*Instructions to follow*
An exact copy of each line below is needed, with no images in it.

*Data excerpt*
----------

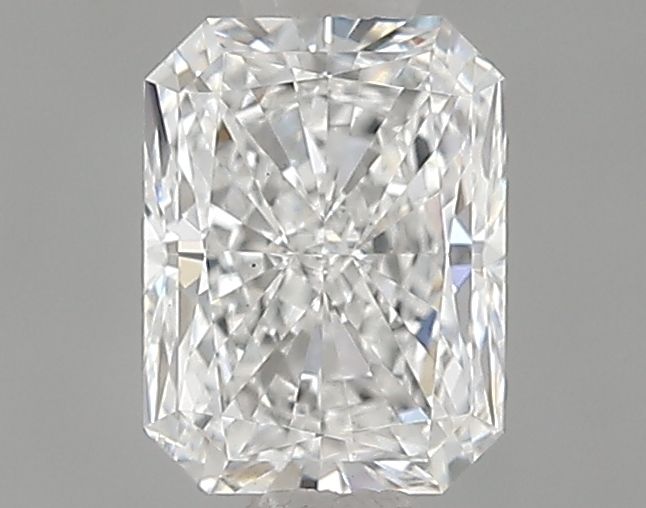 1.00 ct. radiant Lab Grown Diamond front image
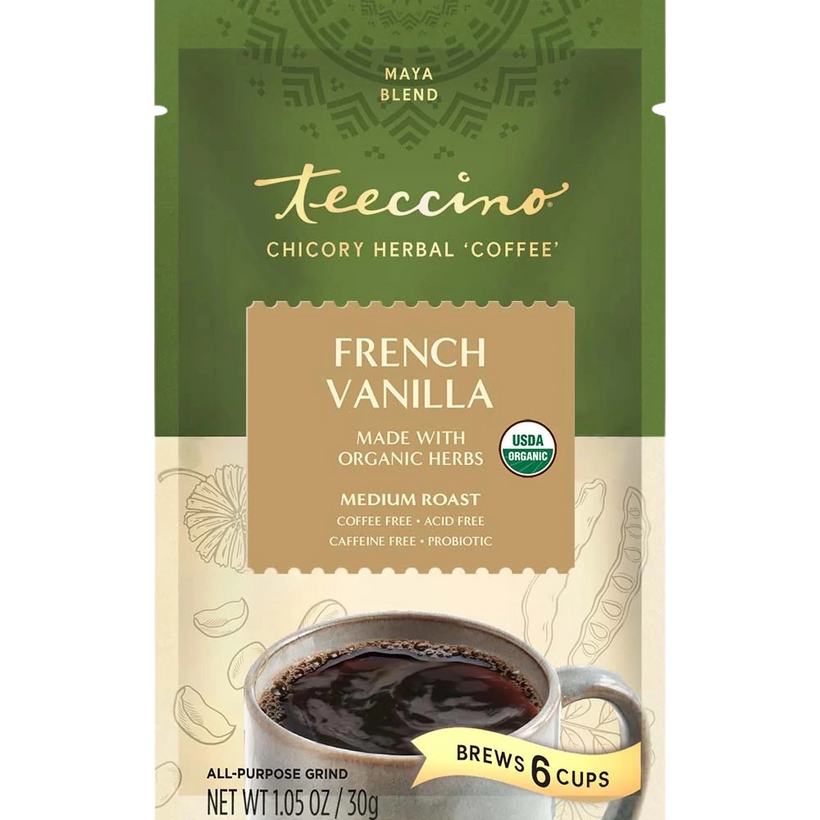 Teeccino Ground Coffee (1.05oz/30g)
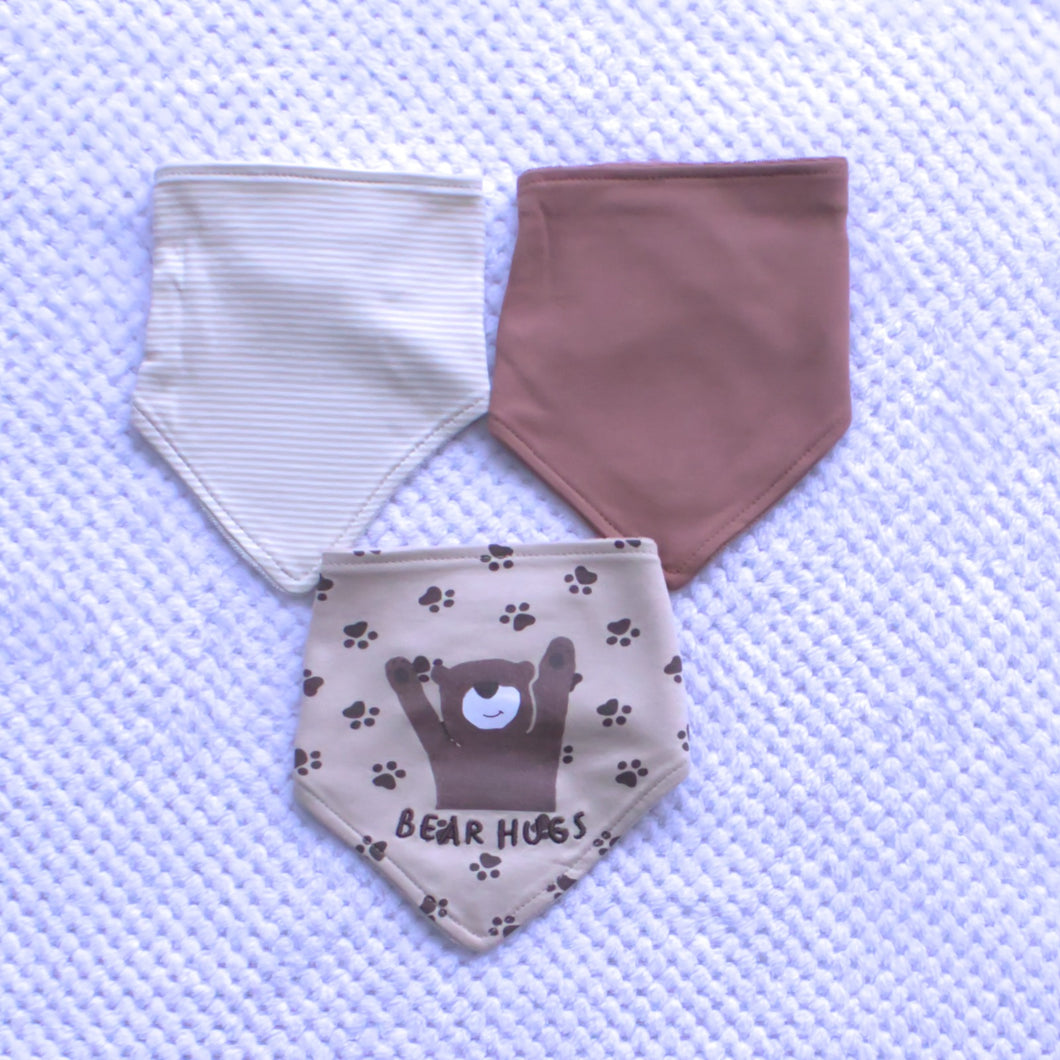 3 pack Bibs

----------

*Answer*
 1.00 ct. radiant Lab Grown Diamond front image
 Teeccino Ground Coffee (1.05oz/30g)
 3 pack Bibs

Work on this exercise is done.